Bugün herhalde eğitimin önemsiz olduğunu söyleyecek çok az insan çıkacaktır. Ancak sorduğunuz soruyla ilgili olarak asıl yaklaşım farklılıkları, eğitimin toplumsal yaşama etkileri ve eğitim politikalarının hangi yönde belirleneceği konusunda ortaya çıkmaktadır. Çünkü eğitim politikalarının, dünya görüşleri, politikalar ve ideolojilerden yalıtılmış ya da ayrı bir düzlemde ele alınması ve kurgulanması olası değildir. Eğitimin, toplumsal yapılar ve süreçler karşısında güçlü bir dönüştürücü işleve sahip olması, farklı dünya görüşlerinin mücadele alanına dönüşmesini kaçınılmaz hale getirmektedir.
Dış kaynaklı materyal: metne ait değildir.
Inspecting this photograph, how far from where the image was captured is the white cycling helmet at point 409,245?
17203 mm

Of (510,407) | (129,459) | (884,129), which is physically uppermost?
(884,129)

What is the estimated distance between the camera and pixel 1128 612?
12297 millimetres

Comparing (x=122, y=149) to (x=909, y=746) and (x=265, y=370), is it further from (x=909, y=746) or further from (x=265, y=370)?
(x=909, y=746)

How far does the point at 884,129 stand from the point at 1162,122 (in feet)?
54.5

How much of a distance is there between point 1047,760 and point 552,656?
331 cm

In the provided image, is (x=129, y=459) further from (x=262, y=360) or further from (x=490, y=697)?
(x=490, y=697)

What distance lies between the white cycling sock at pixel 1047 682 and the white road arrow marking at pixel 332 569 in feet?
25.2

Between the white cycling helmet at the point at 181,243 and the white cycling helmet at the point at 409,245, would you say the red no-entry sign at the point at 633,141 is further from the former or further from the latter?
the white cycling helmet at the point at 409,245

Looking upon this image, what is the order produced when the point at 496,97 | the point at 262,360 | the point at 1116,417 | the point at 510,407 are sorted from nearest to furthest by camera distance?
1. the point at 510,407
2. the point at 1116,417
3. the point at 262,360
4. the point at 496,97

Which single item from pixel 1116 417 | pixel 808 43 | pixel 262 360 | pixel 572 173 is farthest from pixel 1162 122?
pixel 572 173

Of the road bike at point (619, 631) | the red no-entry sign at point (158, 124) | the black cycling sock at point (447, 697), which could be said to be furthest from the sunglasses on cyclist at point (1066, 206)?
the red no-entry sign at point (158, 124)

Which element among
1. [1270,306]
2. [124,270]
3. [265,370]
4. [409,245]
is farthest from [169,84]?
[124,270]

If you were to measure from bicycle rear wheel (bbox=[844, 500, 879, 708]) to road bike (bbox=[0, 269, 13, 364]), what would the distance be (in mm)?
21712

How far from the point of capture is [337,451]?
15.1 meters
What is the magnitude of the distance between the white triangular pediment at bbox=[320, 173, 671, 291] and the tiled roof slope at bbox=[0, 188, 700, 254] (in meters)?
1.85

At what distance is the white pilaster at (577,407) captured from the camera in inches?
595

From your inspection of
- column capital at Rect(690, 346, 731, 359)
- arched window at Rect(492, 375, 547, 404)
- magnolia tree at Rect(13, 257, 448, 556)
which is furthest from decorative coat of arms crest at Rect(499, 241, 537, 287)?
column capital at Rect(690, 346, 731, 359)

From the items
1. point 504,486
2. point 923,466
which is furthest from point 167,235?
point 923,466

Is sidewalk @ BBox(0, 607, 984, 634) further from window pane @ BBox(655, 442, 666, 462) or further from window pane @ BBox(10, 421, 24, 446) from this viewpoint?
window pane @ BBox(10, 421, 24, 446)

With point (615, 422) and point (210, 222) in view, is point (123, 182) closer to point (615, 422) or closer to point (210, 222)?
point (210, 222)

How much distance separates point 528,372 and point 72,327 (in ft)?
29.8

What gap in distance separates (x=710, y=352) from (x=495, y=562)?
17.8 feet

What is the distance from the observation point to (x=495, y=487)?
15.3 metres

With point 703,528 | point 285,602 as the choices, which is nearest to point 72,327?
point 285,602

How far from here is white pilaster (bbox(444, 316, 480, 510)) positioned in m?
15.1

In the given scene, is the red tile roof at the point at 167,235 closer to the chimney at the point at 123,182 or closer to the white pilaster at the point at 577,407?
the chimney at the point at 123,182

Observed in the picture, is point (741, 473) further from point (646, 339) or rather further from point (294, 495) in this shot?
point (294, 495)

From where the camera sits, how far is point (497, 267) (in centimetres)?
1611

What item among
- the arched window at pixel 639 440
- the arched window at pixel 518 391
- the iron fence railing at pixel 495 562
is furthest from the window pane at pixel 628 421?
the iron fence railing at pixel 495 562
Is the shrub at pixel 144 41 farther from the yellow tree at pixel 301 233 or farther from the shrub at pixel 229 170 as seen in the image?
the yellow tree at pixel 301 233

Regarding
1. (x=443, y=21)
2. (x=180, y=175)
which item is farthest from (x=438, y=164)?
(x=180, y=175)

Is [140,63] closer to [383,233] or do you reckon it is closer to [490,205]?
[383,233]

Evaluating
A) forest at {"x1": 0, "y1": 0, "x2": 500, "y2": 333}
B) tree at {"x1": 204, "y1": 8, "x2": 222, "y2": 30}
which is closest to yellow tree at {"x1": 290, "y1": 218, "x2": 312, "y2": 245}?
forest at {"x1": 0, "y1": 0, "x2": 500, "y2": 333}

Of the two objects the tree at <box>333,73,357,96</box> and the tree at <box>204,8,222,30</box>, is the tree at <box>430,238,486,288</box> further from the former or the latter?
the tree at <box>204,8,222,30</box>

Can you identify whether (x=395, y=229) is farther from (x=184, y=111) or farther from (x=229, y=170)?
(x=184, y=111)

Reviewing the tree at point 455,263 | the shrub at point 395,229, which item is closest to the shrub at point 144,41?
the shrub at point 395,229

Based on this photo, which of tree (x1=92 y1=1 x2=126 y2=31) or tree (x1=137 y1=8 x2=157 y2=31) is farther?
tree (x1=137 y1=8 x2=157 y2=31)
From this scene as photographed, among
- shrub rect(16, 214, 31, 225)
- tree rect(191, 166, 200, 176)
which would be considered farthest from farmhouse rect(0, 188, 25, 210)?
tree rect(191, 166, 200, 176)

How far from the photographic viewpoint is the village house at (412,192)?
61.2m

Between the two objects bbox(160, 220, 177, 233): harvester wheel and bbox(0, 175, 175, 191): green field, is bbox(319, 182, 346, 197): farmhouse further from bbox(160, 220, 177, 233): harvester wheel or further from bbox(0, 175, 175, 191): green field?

Evet, eğitim, günümüzdeki çok hızlı, toplumsal, ekonomik, siyasal ve teknolojik gelişmelere paralel olarak tüm dünyada giderek daha fazla önem kazanmaktadır. Çünkü bireyin, bulunduğu çağa uygun olarak yaşama hazırlanması ve ortaya çıkan yeni gelişmelere uyumunun sağlanmasının tek yolu, hem kurumsal ve hem de bireysel düzeyde gerçekleştirilen yaşam boyu eğitim süreçlerinden geçmektedir. Bireylerin edindikleri genel yaşam ve mesleki yeterliliklerini değişme ve gelişmelere paralel olarak yenilemeleri artık zorunludur. İnsanın, yeni gelişmeler karşısında ayakta durabilmesi ve ötesinde toplumsal yaşamı daha ileri düzeye taşıyabilmesinin biricik koşulu, etkili, verimli ve kesintisiz eğitimdir. Bu nedenle eğitim etkinlikleri hem ulusal hem de bireysel ölçekte en önemli unsur haline gelmiştir.

Sorunuzun ikinci bölümüyle ilgili olarak, eğitimin toplumsal yaşam üzerindeki etkileri eğitim bilimcilerin üzerinde en çok çalıştıkları konuların başında gelmektedir. Eğitimin, birey ve toplum bağlamında öznel bir yönünün olması nedeniyle birey ve toplum açısından etkilerinin nesnel ölçütlere dayalı somut sonuçlar şeklinde ortaya koyulması oldukça zordur. Bu aynı zamanda benzer eğitim süreçlerinin her birey ve toplum açısından farklı sonuçlar doğurması anlamına gelmektedir. Ama yine de eğitimin, birey, toplum, üretim, ekonomi, siyaset gibi alanlarda etkilerini ortaya koyan çok önemli bilimsel araştırma sonuçlarının olduğu da görülmektedir. Örneğin, bir araştırmaya göre, okur-yazarlık düzeyinin %28’den sadece %30’a çıkartılmasının bile reel ulusal gelirde %16’lık bir artışı sağladığı gösterilmiştir. Yine Rus eğitim araştırmacılarından Strum Line, bir kişinin işini, ilköğretimli ise %40; ortaöğretimli ise %102; yükseköğretimli ise %300 oranında arttırdığını ortaya koymuştur. Bu araştırmalar gibi, eğitimin, bireylerin ve toplumların genel refahı ve gelişmişlik düzeyleriyle doğru orantılı ilişkisini ortaya koyan sayısız bilimsel araştırmadan söz edilebilir.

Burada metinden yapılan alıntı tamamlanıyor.